What makes this place special are the warehousing costs, labor rates, and laws that enable organizations to avoid duties and tariffs. In a third party logistics company, the main costs revolve around warehousing plus pick and pack fees. Compared to America, warehouses in Tijuana are over 53% more affordable and labor rates are 76% less.

Running the numbers, it makes sense why an ecommerce brand or retail group that shifts it’s third party logistics to Mexico is able to save a significant amount while maintaining the same (or better) ship times. Avoiding duties and tariffs is just one of the added benefits.

Before we dive into the actual third party logistic costs in Tijuana, you’re probably wondering how using a third party logistics company in Mexico will enable a company to avoid duties and tariffs (in both America and Mexico).

How Your Company Can be Duty and Tariff Free

There are two very important laws to understand that will enable your business to become duty free. One is the IMMEX program in Mexico and the other is Section 321. Utilizing both laws, your company won’t have to pay duties in America or in Mexico, even if your products are imported through America to Mexico.

Let’s first explore how you can avoid duties in America. There are two key components here, as most people who handle their warehousing and fulfillment in Mexico think they have to import their products through a Mexican port. Using bonded warehouses and containers, you can actually still import your products into any American port (most common is Long Beach) and truck them down to Mexico without paying duties.

Using a customs bonded warehouse under Title 19, United States Code (U.S.C.), §1555 companies don’t have to pay duties on their products until any of the following actions occur:

  • Exported
  • Withdrawn for supplies to a vessel or aircraft in international traffic
  • Destroyed under U.S. Customs and Border Protection supervision
  • Withdrawn for consumption within the United States after payment of duty

To avoid paying duties in America, your products will be exported to Mexico under the IMMEX program.
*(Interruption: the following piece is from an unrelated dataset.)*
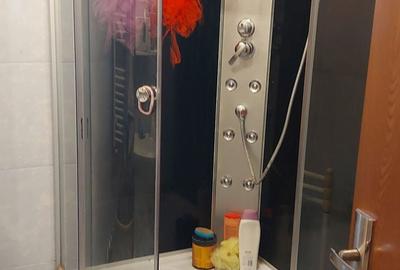 Casă cu 6 camere în Curtici - 8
The IMMEX program stems from the creation of Mexico’s maquiladora industry. This industry was established in 1964 to enhance employment along the border of Mexico and America. With the implementation of the North American Free Trade Agreement (NAFTA) in 1994, the Maquiladora Program was altered to work with companies investing in Mexico for its labor, proximity to America, and low costs.

3PL companies under the IMMEX program are able to import products into Mexico to be warehoused duty and VAT free. From a bird’s eye view, you’ll import your products just as you normally would, but keep them in a customs bonded warehouse to be sent into Mexico. Your products then enter Mexico under the IMMEX program, duty free. A fulfillment warehouse with a services Maquiladora receives your products and stores them until they are ready to be fulfilled.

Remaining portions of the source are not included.